(EXERCISE AIM): Down to the last line, reproduce the records exactly.

(RECORDS FOR THIS EXERCISE):
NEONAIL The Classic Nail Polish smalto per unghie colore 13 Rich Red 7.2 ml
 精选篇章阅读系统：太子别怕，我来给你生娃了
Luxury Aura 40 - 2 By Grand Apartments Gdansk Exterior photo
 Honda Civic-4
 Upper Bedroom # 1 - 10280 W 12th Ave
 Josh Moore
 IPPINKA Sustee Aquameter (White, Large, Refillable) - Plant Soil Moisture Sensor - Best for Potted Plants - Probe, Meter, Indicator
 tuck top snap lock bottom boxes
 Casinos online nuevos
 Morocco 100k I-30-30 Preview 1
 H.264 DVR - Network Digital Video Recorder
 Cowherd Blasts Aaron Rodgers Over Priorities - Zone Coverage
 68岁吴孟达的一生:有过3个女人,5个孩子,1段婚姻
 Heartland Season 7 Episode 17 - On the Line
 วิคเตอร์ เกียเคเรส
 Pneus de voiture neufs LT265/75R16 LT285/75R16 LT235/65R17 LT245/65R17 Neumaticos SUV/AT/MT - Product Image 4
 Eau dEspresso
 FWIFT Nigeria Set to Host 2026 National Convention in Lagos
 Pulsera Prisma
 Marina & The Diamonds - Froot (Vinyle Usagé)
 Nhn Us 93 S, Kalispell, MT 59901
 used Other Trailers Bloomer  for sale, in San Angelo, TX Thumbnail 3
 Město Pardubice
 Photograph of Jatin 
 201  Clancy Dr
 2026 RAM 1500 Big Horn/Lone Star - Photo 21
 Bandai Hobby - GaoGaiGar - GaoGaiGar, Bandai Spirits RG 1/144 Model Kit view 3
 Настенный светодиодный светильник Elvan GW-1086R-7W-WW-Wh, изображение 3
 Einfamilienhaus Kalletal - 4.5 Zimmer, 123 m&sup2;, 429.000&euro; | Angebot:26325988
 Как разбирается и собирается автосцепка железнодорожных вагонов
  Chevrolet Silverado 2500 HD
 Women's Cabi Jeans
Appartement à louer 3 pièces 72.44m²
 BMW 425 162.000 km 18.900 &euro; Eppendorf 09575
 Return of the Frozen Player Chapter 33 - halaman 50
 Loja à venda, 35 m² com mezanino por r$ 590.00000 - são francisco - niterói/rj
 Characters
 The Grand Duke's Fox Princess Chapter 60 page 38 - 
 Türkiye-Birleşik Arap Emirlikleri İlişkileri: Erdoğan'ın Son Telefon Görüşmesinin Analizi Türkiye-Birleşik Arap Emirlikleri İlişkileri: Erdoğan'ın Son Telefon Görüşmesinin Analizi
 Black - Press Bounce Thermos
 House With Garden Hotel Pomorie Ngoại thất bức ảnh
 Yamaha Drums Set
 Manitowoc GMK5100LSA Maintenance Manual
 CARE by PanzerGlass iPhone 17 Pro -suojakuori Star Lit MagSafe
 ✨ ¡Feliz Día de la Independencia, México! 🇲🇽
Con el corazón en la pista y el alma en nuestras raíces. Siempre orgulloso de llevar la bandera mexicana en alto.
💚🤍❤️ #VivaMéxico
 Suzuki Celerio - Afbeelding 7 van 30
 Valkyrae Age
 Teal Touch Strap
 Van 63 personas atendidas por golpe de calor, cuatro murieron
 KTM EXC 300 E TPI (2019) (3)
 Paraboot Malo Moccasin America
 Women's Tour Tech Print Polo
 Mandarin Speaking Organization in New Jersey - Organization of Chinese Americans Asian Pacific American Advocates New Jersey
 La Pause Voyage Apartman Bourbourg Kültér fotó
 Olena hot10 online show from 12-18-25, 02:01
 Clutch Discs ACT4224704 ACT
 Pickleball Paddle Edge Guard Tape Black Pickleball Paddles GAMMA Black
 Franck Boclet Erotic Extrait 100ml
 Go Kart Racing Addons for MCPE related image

(WRITTEN SOLUTION):
NEONAIL The Classic Nail Polish smalto per unghie colore 13 Rich Red 7.2 ml
 精选篇章阅读系统：太子别怕，我来给你生娃了
Luxury Aura 40 - 2 By Grand Apartments Gdansk Exterior photo
 Honda Civic-4
 Upper Bedroom # 1 - 10280 W 12th Ave
 Josh Moore
 IPPINKA Sustee Aquameter (White, Large, Refillable) - Plant Soil Moisture Sensor - Best for Potted Plants - Probe, Meter, Indicator
 tuck top snap lock bottom boxes
 Casinos online nuevos
 Morocco 100k I-30-30 Preview 1
 H.264 DVR - Network Digital Video Recorder
 Cowherd Blasts Aaron Rodgers Over Priorities - Zone Coverage
 68岁吴孟达的一生:有过3个女人,5个孩子,1段婚姻
 Heartland Season 7 Episode 17 - On the Line
 วิคเตอร์ เกียเคเรส
 Pneus de voiture neufs LT265/75R16 LT285/75R16 LT235/65R17 LT245/65R17 Neumaticos SUV/AT/MT - Product Image 4
 Eau dEspresso
 FWIFT Nigeria Set to Host 2026 National Convention in Lagos
 Pulsera Prisma
 Marina & The Diamonds - Froot (Vinyle Usagé)
 Nhn Us 93 S, Kalispell, MT 59901
 used Other Trailers Bloomer  for sale, in San Angelo, TX Thumbnail 3
 Město Pardubice
 Photograph of Jatin 
 201  Clancy Dr
 2026 RAM 1500 Big Horn/Lone Star - Photo 21
 Bandai Hobby - GaoGaiGar - GaoGaiGar, Bandai Spirits RG 1/144 Model Kit view 3
 Настенный светодиодный светильник Elvan GW-1086R-7W-WW-Wh, изображение 3
 Einfamilienhaus Kalletal - 4.5 Zimmer, 123 m&sup2;, 429.000&euro; | Angebot:26325988
 Как разбирается и собирается автосцепка железнодорожных вагонов
  Chevrolet Silverado 2500 HD
 Women's Cabi Jeans
Appartement à louer 3 pièces 72.44m²
 BMW 425 162.000 km 18.900 &euro; Eppendorf 09575
 Return of the Frozen Player Chapter 33 - halaman 50
 Loja à venda, 35 m² com mezanino por r$ 590.00000 - são francisco - niterói/rj
 Characters
 The Grand Duke's Fox Princess Chapter 60 page 38 - 
 Türkiye-Birleşik Arap Emirlikleri İlişkileri: Erdoğan'ın Son Telefon Görüşmesinin Analizi Türkiye-Birleşik Arap Emirlikleri İlişkileri: Erdoğan'ın Son Telefon Görüşmesinin Analizi
 Black - Press Bounce Thermos
 House With Garden Hotel Pomorie Ngoại thất bức ảnh
 Yamaha Drums Set
 Manitowoc GMK5100LSA Maintenance Manual
 CARE by PanzerGlass iPhone 17 Pro -suojakuori Star Lit MagSafe
 ✨ ¡Feliz Día de la Independencia, México! 🇲🇽
Con el corazón en la pista y el alma en nuestras raíces. Siempre orgulloso de llevar la bandera mexicana en alto.
💚🤍❤️ #VivaMéxico
 Suzuki Celerio - Afbeelding 7 van 30
 Valkyrae Age
 Teal Touch Strap
 Van 63 personas atendidas por golpe de calor, cuatro murieron
 KTM EXC 300 E TPI (2019) (3)
 Paraboot Malo Moccasin America
 Women's Tour Tech Print Polo
 Mandarin Speaking Organization in New Jersey - Organization of Chinese Americans Asian Pacific American Advocates New Jersey
 La Pause Voyage Apartman Bourbourg Kültér fotó
 Olena hot10 online show from 12-18-25, 02:01
 Clutch Discs ACT4224704 ACT
 Pickleball Paddle Edge Guard Tape Black Pickleball Paddles GAMMA Black
 Franck Boclet Erotic Extrait 100ml
 Go Kart Racing Addons for MCPE related image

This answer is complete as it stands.